Living as Others in Japan

Posted in Asian Diaspora, History, Law, Live Events, Media Archive, Oceania, Papers/Presentations, Politics/Public Policy on 2011-07-04 00:12Z by Steven

Living as Others in Japan

Japanese Studies Association of Australia 2011 Biennial Conference
Internationalising Japan: Sport, Culture and Education
University of Melbourne, Melbourne Law School
185 Pelham Street
Carlton, Victoria 3053, Australia
2011-07-04 through 2011-07-07

Wednesday, 2011-07-06, 11:00-12:30 AEDT (Local Time)
Room 102

This panel will present two historical papers about individuals whose lives were affected by the Pacific War, and a third paper which examines issues involving intercultural communication between Japanese and non-Japanese people. The two historical stories focus on how their respective individuals navigated their life course as “Others” in Japan. Hamilton will shed light on children born to Japanese mothers and Australian fathers during the Allied Occupation in Kure. Tamura’s paper is on a businessman of mixed heritage, English and Japanese, born in Kobe, who was interned in Japan. Parry’s paper provides a look into intercultural communication between Australian students in a homestay among ten Japanese host parents.

Kure Kids
Walter Hamilton

Walter Hamilton has recently completed a book on the mixed-race children of the Occupation, under the working title of Lest We Beget: The Mixed-Race Legacy of Occupied Japan. (www.lestwebeget.com).

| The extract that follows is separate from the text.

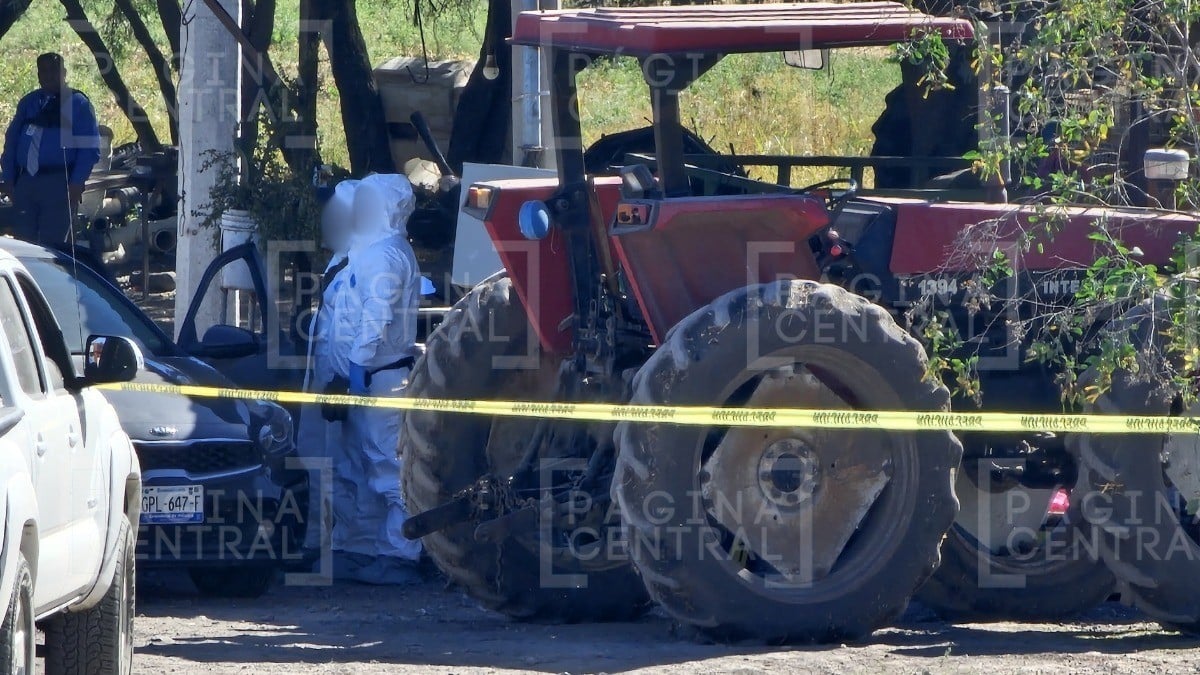 Ataque armado contra agricultores en medio de sembradíos deja un muerto y dos heridos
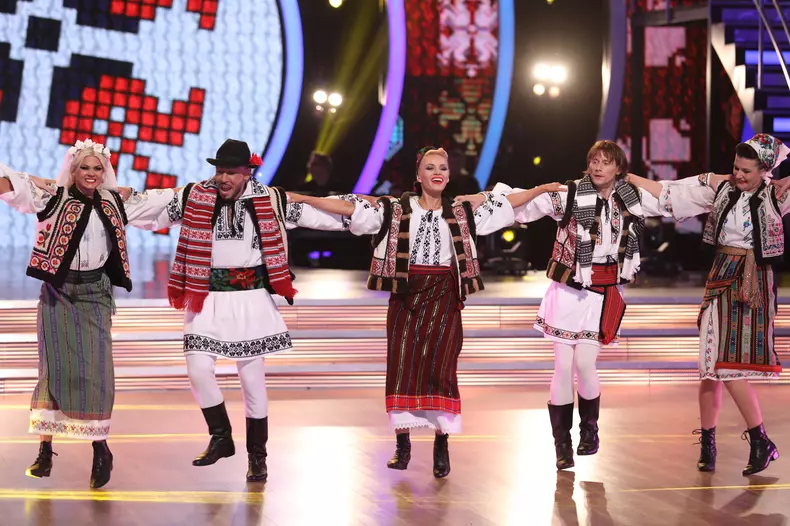 Ecaterina Dosan, Alex Velea, Olesea Nespeac si Marius Manole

Nearly sixty years have passed since the post-war occupation of Japan. It might be assumed historians will have exhausted all there is to say about its political, economic and social effects. But one unexplored aspect remains vividly alive: the hidden ancestral links that bind Australians, Americans, Britons and others to Japanese blood-relations never known, never met: the unclaimed, mixed-race offspring left in Japan when the troops departed. Their fathers would not or could not acknowledge them: an estimated 10,000 children, including several hundred fathered by Australians.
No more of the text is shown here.